Monday, December 06, 2010

By Ivy Schmerken

Why It's Important:
Amid the high-volatility, high-volume trading environment of fall 2008, high-frequency trading accounted for as much as two-thirds of daily U.S. stock trading. Even as volatility and volume have subsided, HFT still generates more than half of the daily market volume, according to Rosenblatt Securities estimates. With the evolution of automated market makers, HFT firms have become the dominant suppliers of liquidity. But high-frequency traders are not required to make two-sided markets, as traditional market makers were required to do. Further, because they spend millions of dollars on technology and colocate their strategies in data centers, HFT firms have access to proprietary data feeds and proximity to exchange matching engines, leading critics, including some politicians, to contend that HFT firms have an unfair technology advantage over long-term investors.

Where the Industry Is Now: The Flash Crash turned up the scrutiny on high-frequency trading. In addition to calls for market maker obligations for HFT firms, head traders from asset management firms have urged regulators to examine the increasing number of order cancelations produced by high-frequency traders. But the final Flash Crash report by the SEC and the Commodity Futures Trading Commission focused on a single buy-side firm's algorithmic trading strategy rather than HFT. "The fact that the Flash Crash report did not point to an HFT smoking gun takes some of the pressure off of high-frequency trading," says Joe Gawronski, president and COO of Rosenblatt Securities.

Still, the SEC is considering tightening market maker obligations on HFT firms, among other new requirements. In November 2010 the SEC banned naked access, preventing unregistered HFT customers from accessing exchanges and alternative trading systems without passing through pre-trade risk controls.

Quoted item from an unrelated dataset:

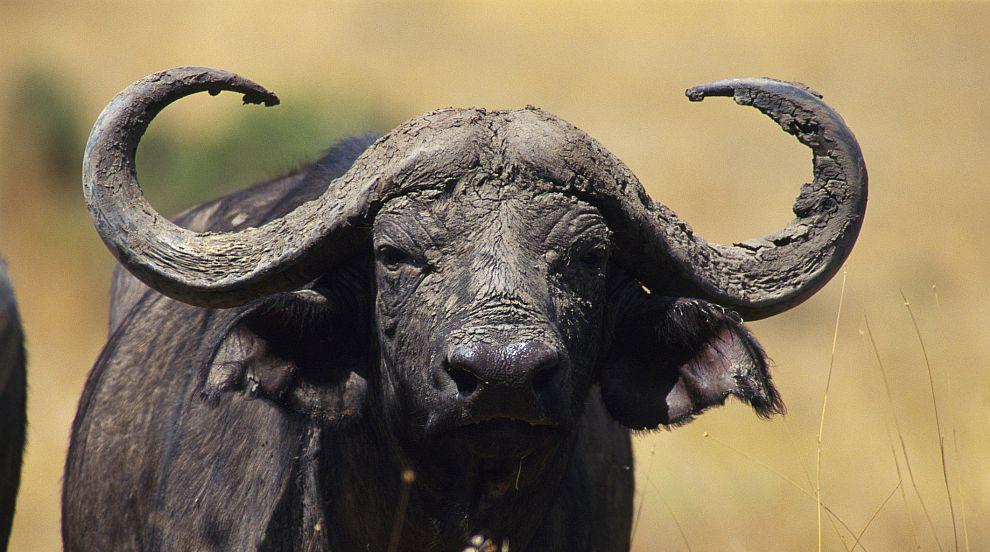 Огнище на антракс във ферма с биволи в Силистренско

And, looking to beef up surveillance of HFT, the SEC also proposed in 2010 a Large Trader Reporting System that would require brokers to tag in real time the trades of firms that execute substantial trading volume.

Focus in 2011: The SEC is focusing on the Dodd-Frank financial reforms, pushing HFT and other market structure proposals to the back burner. "The SEC is not of the mind-set [right now] to totally revamp the market structure," says Gawronski, who notes that SEC policies that favor automated trading paved the way for HFT in the first place. Though industry sources expect there to be some "definition" of market maker obligations for HFT firms, he adds, "We don't expect anything like minimum-time-enforced market maker obligations or colocation bans." Further, in light of the U.S. midterm election results -- with Republicans gaining control of the House, and the Senate's loudest HFT critic, Senator Ted Kaufman (D.-Del.), leaving as planned -- the political climate that saw HFT under attack has changed, Gawronski notes.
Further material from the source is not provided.